_EXERCISE_.
What lines below include the string "Cute"? Pick them out and copy them.

_DATASET RECORDS_.
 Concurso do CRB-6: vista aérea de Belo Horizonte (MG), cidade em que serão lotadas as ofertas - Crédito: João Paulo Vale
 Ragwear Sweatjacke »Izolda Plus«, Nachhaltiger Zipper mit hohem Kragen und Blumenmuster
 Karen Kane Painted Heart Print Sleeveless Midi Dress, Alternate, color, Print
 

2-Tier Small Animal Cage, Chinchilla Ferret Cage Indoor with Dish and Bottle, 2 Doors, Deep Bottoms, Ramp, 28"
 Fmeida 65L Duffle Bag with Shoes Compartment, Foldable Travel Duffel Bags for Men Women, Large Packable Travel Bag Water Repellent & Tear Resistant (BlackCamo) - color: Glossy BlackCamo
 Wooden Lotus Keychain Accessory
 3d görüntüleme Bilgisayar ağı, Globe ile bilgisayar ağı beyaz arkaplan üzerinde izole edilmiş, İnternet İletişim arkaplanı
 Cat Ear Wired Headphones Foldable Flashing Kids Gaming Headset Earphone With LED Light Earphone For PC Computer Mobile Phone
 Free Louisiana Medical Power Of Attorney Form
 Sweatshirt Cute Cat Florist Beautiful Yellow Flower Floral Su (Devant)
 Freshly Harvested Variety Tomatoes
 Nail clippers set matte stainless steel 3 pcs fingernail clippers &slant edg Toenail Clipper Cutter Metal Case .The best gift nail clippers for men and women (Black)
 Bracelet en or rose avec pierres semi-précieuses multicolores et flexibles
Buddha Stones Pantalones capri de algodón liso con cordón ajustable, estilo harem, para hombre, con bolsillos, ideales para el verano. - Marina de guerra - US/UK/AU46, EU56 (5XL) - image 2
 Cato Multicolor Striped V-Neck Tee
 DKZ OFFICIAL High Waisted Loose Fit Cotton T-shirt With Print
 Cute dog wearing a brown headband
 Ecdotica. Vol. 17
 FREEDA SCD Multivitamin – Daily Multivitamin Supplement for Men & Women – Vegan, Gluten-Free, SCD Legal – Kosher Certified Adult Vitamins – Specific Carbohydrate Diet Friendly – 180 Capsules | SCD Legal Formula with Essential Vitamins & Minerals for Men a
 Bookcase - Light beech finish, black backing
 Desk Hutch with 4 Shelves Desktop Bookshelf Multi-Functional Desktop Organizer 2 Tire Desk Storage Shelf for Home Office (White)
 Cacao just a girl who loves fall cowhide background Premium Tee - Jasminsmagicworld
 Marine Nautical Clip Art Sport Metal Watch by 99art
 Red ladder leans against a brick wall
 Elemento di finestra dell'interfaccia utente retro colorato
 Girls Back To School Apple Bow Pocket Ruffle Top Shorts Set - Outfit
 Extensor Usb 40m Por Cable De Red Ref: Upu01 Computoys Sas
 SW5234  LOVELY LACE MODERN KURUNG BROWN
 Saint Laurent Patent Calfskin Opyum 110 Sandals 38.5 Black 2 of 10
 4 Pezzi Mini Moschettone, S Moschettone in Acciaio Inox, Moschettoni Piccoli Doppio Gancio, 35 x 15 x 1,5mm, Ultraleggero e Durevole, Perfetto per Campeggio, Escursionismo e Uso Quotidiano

_SOLUTION_.
 Sweatshirt Cute Cat Florist Beautiful Yellow Flower Floral Su (Devant)
 Cute dog wearing a brown headband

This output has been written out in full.